Dunque, per King la dottrina del carattere redentivo della sofferenza immeritata è riconducibile a livello personale ed esistenziale, come anche a livello sociale e politico, ad una forma di resistenza contro l’ingiustizia del razzismo. La sofferenza in ultima analisi, è quella di cui il discepolo è pronto a farsi carico in nome della sua obbedienza al Cristo della croce. Tuttavia tale lotta è ingaggiata nella piena convinzione che l’assistenza del Signore porterà il credente e il popolo alla vittoria sull’ingiustizia.
L’amore per il nemico diviene così un’arma dei forti e non atto acquiescente del rassegnato. Esso è strumento per una resistenza anche politica alle strutture del male. Nel corso della lotta, chi sarà capace di non lasciarsi contaminare dal risentimento, dallo spirito di vendetta e dalla violenza, mostrerà di essere il più forte e sarà in grado di dimostrare la bruttura del comportamento razzista e violento.
E noi? Mi chiedo se la nostra situazione, indubbiamente molto diversa, di chiese garantite, che non conoscono affatto, se non in vaghi ricordi del passato, le persecuzioni e le vessazioni, non ci richiami a un dato diverso, che è la nostra scarsa capacità di esporci a un discepolato radicale e meno che mai alle sofferenze che questo comporta. Spesso i nostri anziani fanno riferimento al fatto che non abbiamo più nessuna idea di che cosa significhi soffrire per l’evangelo. Mi chiedo se in questo non vi sia un elemento di verità. Certo, nessuno può né cercare né auspicare i tempi della persecuzione, e tuttavia forse neppure dovremmo essere così timorosi di ogni contrarietà per noi e per i nostri figli.
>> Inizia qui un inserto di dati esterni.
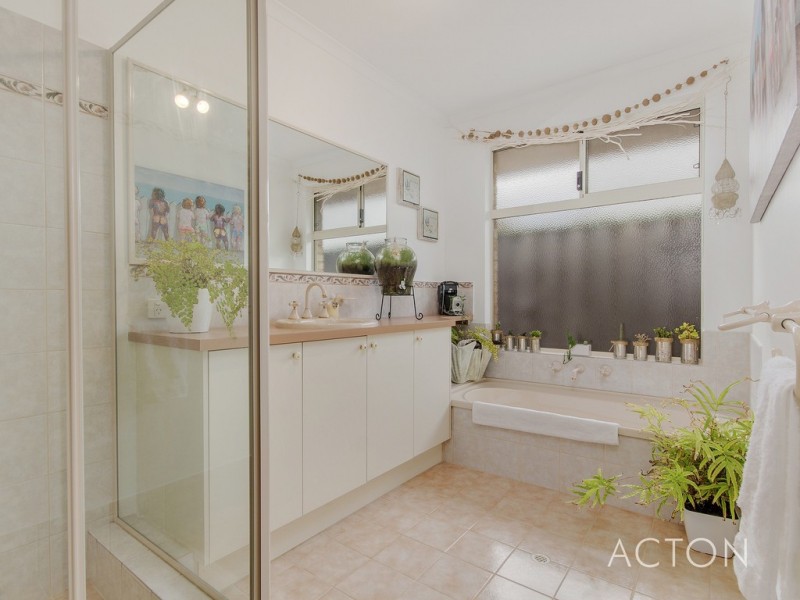 69 Pebble Beach Boulevard, Meadow Springs WA 6210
Concludo con un riferimento al libro di Marinetta Cannito Hjort, La trasformazione dei conflitti, pubblicato di recente dalla Claudiana, che va proprio nella direzione della formazione nonviolenta e teorico-pratica dei mediatori e mediatrici. Imparare le tecniche, fare degli esercizi, apparteneva, come abbiamo visto, alla strategia del movimento di King. Non si dimentichi però, che anche il solo tentativo di mediare, rischia di trascinare chi compie questo sforzo dentro il conflitto, e se non si ha una chiara coscienza del carico di sofferenza che ne può derivare, si rischia di rimanerne profondamente segnati.
Cercare di trasformare un conflitto che contiene in sé forti elementi di ingiustizia strutturale può scatenare reazioni anche violente. L’iniquità cerca, con tutte le sue forze, di auto- perpetuarsi. Sappia però, chi si impegna per una giustizia non vendicativa, che chi accetta di bere il calice amaro della sofferenza immeritata, non mancherà di ricevere la sua mercede, fosse anche solo il diritto di sperare nella vittoria finale della vita.